Старый Сом скорчил свирепую физиономию, но тут же опустил голову и заговорил сам с собой:
— Когда тигр не ест людей, с ним можно поиграть, но нельзя забывать, что это прежде всего тигр…
— А кто здесь тигр?
Старый Сом опустил веки:
— Так вы и есть.
— Неужто я такой жестокий?
— Сейчас нет. — Старый Сом выглянул в окно, за которым стало светать: — Забыл вам сказать: вечером приходил У Шаюань, вы в это время спали.
Чуньюй Баоцэ угукнул и спросил:
— Ты всегда ему докладываешь, когда я приезжаю?
— Обязательно.
Рассвело. У председателя голова раскалывалась от боли. Вскоре после того, как Старый Сом от него ушёл, едва волоча ноги, в дверь постучал У Шаюань.
— Я так и думал, что весной вы точно приедете, и наконец дождался, — сказал У Шаюань и, потянув носом воздух, учуял запах алкоголя.
Чуньюй Баоцэ убрал в сторонку остатки холодца и стаканы и выставил на столик чайник с чаем, а затем пригласил У Шаюаня сесть напротив, и тот уселся, скрестив ноги по-турецки.
— У нас здесь только так и сидят — вы привыкли, господин Чуньюй?
— Привык, это очень удобно.
С того момента, как гость вошёл в комнату, Чуньюй Баоцэ украдкой наблюдал за ним, ожидая увидеть на его лице выражение самодовольства, однако если оно и присутствовало, то было незаметным.

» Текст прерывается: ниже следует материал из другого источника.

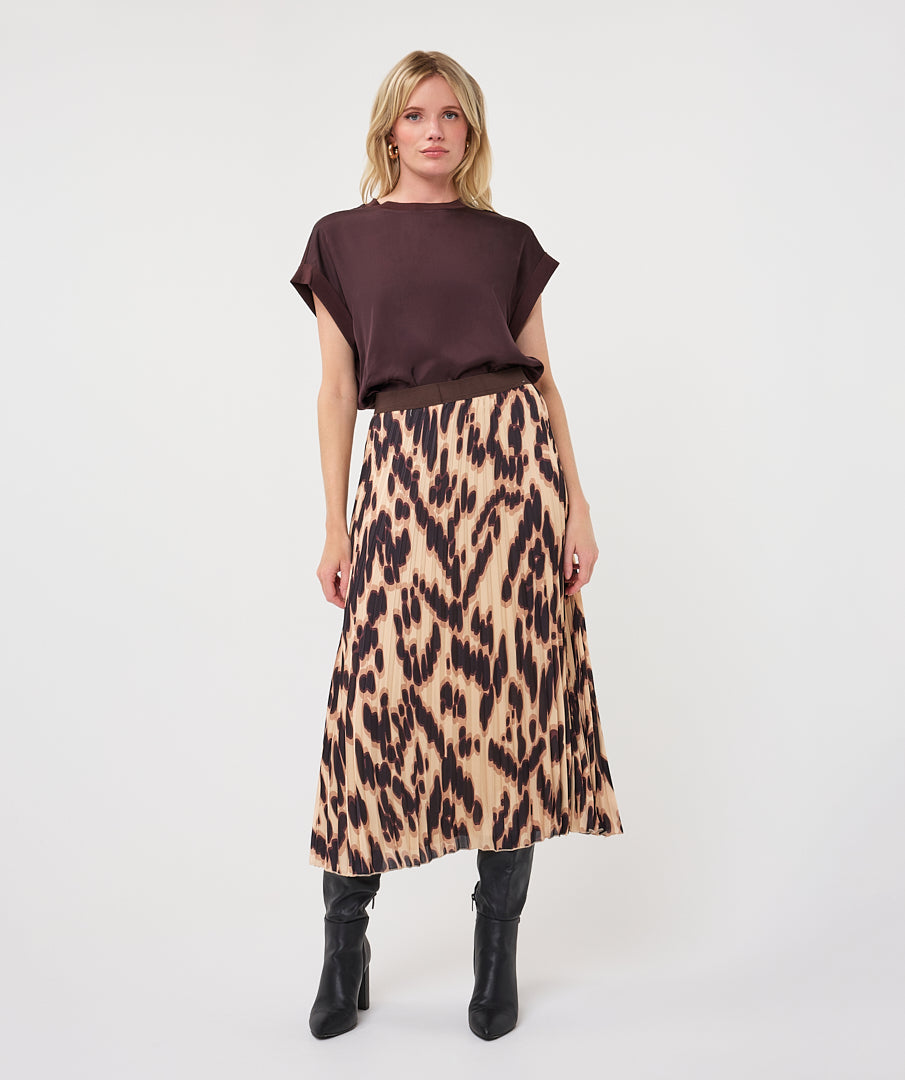 Woman wearing a dark brown satin roll-sleeve top with a printed midi skirt and knee-high boots, front view.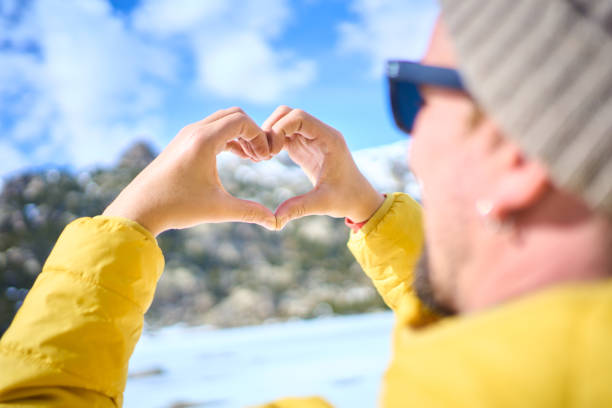 Man making heart shape with hands in winter landscape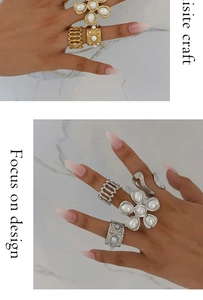 Detailed view of vintage gold and silver pearl rings with modern deconstructed design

Тем не менее ему бросилось в глаза, что «интеллигентишка» обновил причёску, волосы были ещё короче и жёстче и торчали, как щетина, а те два вихра на макушке выглядели до ужаса свежими. Знает ли он о содержании разговора с Оу Толань, пока было неясно, но это лишь вопрос времени. Чуньюй Баоцэ от всей души полагал, что фольклористка была не из тех, кто падок на лесть и кичится поверхностной славой. Но эти мысли не утешали его, а, напротив, ещё глубже погружали в уныние. Волевым усилием он заставил себя оказать У Шаюаню радушный приём, думая при этом: пора расставить все точки над «i», ведь уже весна — это будет решающее время для Цзитаньцзяо и для «Лицзинь».